**Task brief:** The answer must reproduce the listing exactly, with every picture left out.

**Data extract:**
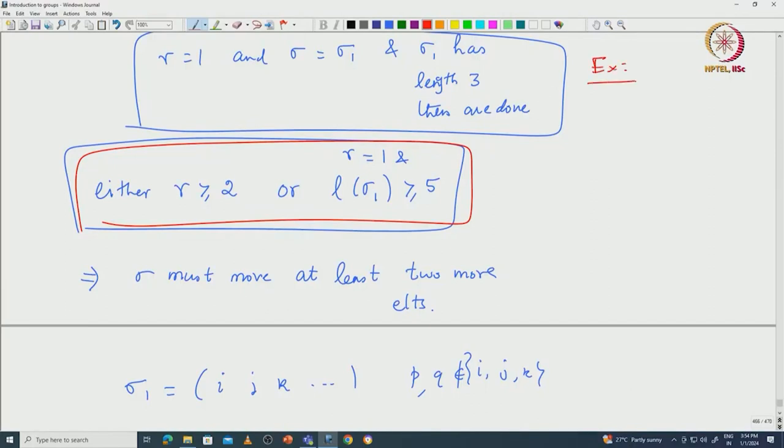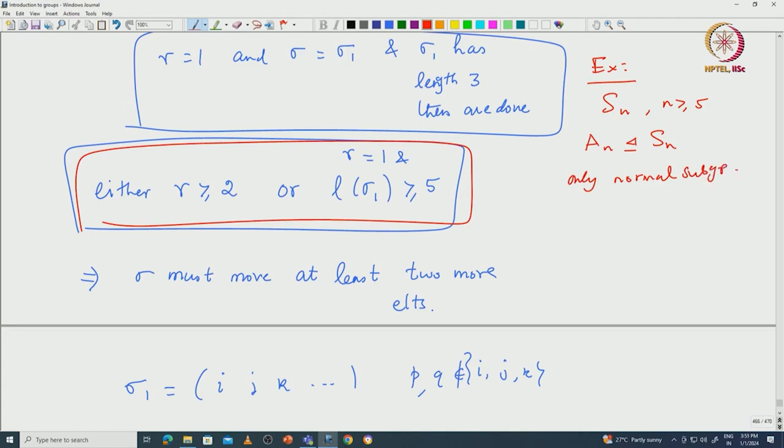This is a very important result in a first course in group theory. Using this, one can easily conclude something about the symmetric group: for n ≥ 5, Aₙ is the only normal subgroup of Sₙ — I will leave that as an exercise. I will stop here and continue with other examples in the next class. Thank you.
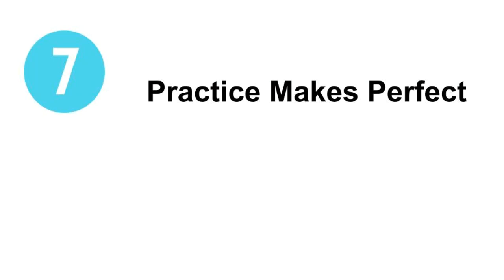Number seven, practice makes perfect. The most important thing is to put all of your knowledge into practice. If possible, practice everything throughout the online course. Don't wait until the end of the course to begin studying.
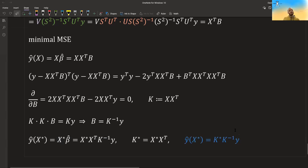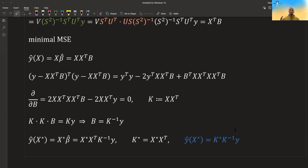As you can see, there are many different ways to arrive at the same equations.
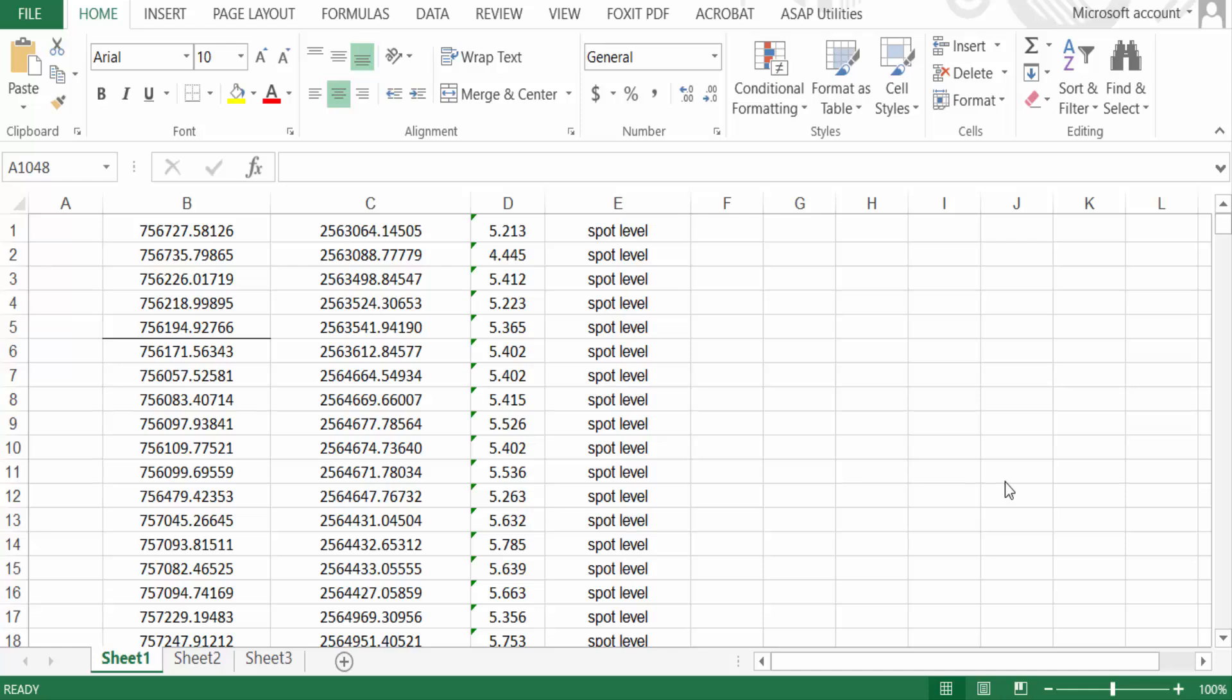Hello everyone, today in this tutorial I'll present you how to autofill huge series of serial numbers in Excel in just five seconds. So let's get started. I open this Excel worksheet and I want to add serial numbers.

**Expected output:**
This is a very important result in a first course in group theory. Using this, one can easily conclude something about the symmetric group: for n ≥ 5, Aₙ is the only normal subgroup of Sₙ — I will leave that as an exercise. I will stop here and continue with other examples in the next class. Thank you.
Number seven, practice makes perfect. The most important thing is to put all of your knowledge into practice. If possible, practice everything throughout the online course. Don't wait until the end of the course to begin studying.
As you can see, there are many different ways to arrive at the same equations.
Hello everyone, today in this tutorial I'll present you how to autofill huge series of serial numbers in Excel in just five seconds. So let's get started. I open this Excel worksheet and I want to add serial numbers.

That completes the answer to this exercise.